After thinking a bit about it, maybe you could use two different representations for the grid: one where the lines are appended in a 1D array, and another one where the columns are appended in a 1D array. The hash would be calculated with these two representations, and that would (I think) resolve the problem evoked above.
This may be overkill for a small application, but OpenCV has some excellent image recognition and blob finding routines. If you treat the 2D board as an image, and the integer as brightness, it should be possible to use functions from that library.
And the link:
http://opencv.willowgarage.com/documentation/index.html
you can use a neural network for that job.
if you lookfor neural network shape recognition i think that you can find something usefull. you can find tons of library that may help you but if you have no experiece with NN this could be a little hard, but i think that is the easiest way
Sounds like you want to feed your chessboard to a neural network trained to recognize the configuration.
This is very similar to the classic examples of image classification, with the only complication being that you don't know exactly where your configuration thingy will appear in the grid, unless you're always considering the whole grid - in that case a classic 2 layers network should work.

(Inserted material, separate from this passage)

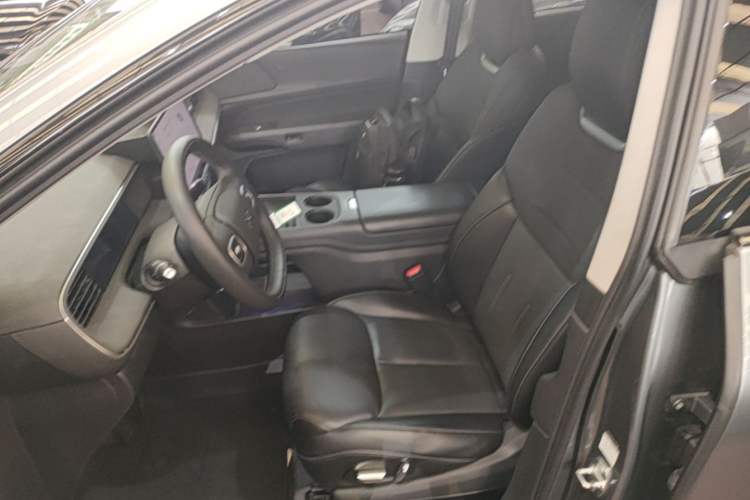 Used XPeng G6 2023 755 Ultra-Long Range Max Left Front Seat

HTM neural networks implementations solve the offset problem out-of-the-box. You can find plenty of ready-to-use implementations starting from here. Obviously you'll have to tweak the heck out of the implementations you'll find but you should be able to achieve exactly what you're asking for to my understanding.
If you want to further investigate this route the Numenta forum will be a good starting point.

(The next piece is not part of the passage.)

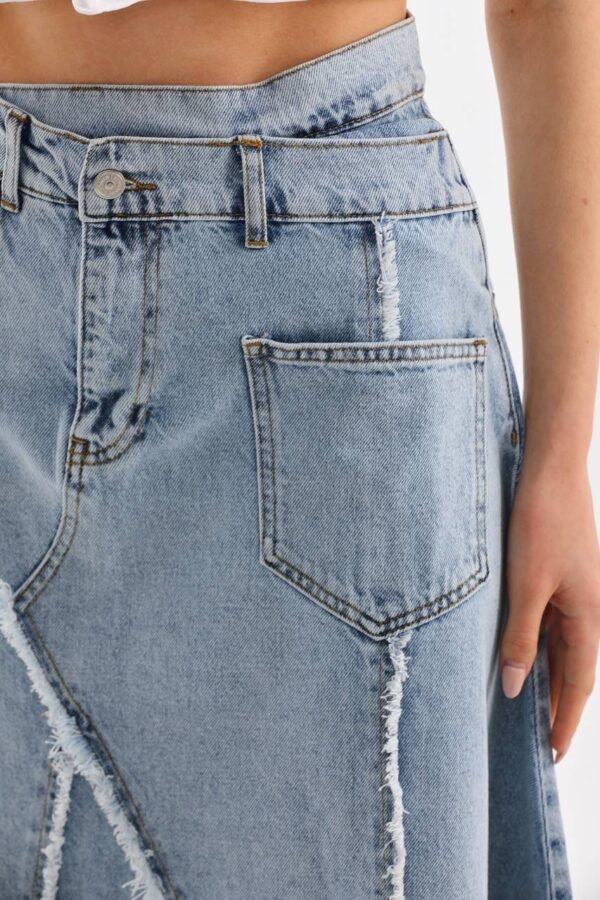 Denim Skirt With Shredded Lines - Image 4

This reminds me of HashLife which uses QuadTrees. Check out the wikipedia pages on HashLife and Quadtrees.
There's also a link at the bottom of the Wikipedia page to a DrDobbs article about actually implementing such an algorithm: http://www.ddj.com/hpc-high-performance-computing/184406478
I hope those links help. They're interesting reads if nothing else.
As to the first part of question,i.e debasing try this:
make a structure with 2 integers .Declare a pointer of that struct type. Input (or compute number of live cells) and assign that much storage (using routines like calloc) .Input the coordinates in the structure. Compute the minimum x coordinate and minimum y coordinate. In the universe assign [x][y] (user given values or current coordinate) to [x-minx][y-miny] Though expensive when reading from an already filled grid,but works and helps in the subsequent part of the question.